Re: [-empyre-] Free Cooperation
> And if our "haggling" does not work out, we withdraw our effort or eventually
> withdraw from the collaboration. Collaborations need to have incentives, not
> just risks.
Just thinking about this ..
Yet I am wondering at what point it becomes necessary to sacrifice?
For example, one is part of an organising committee for an anti-XYZ protest.
Haggling with various groups--some pro-violence, others strictly
non-violent, some union, others anarchist--has resulted in long & drawn out
sessions where the very meeting has often disintegrated around trying to
establish a process for the very running of the cooperation.
At a certain point it is often tempting to say 'fine! I have haggled, the
rules will not bend, nothing is changing, thus I leave' -- was it not
Bakunin who did this -- but then the protest's goal is lost: that of
effectuating change against _another_ entity, one where there is no
cooperation, in fact no relation save that of power and so forth, the
relationship to the "military-industrial complex," the "State" and etc.
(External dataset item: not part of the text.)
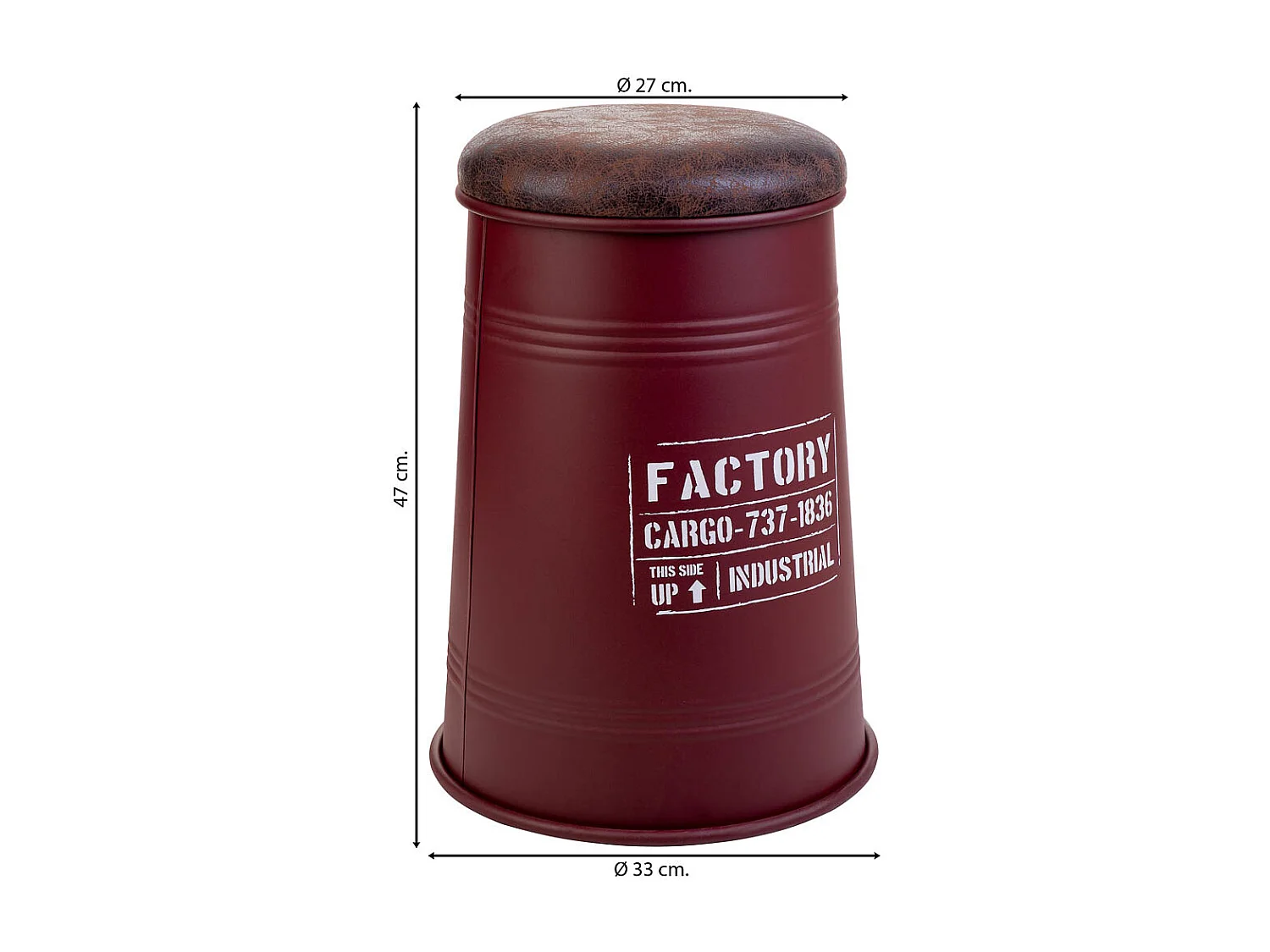 Taburete de metal tapizado impreso rojo 33x47 cm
There is definitely a joint intention or goal, but it seems to me the aspect
of sacrifice is inevitable and even structural. "Free" cooperation would
seem to imply a level of sacrifice which is mutually distributed, or evenly
thinned among the members of the co-op to the point of its invisibility, a
distribution that would require a kind of pre-agreement sans discussion
about the very rules that must nevertheless remain in constant negotiation.
For cooperation to work, it seems to me that one's relation is only 'free'
insofar as one makes the choice to 'cooperate' in a fashion that may be less
than free. At a certain point one realises one _should_ leave, but if you
want something to happen, you just 'grin & bear it'.
But perhaps this is a way around this. If so I'd dig to see it
elaborated... Or hear experiences as to how it has been avoided.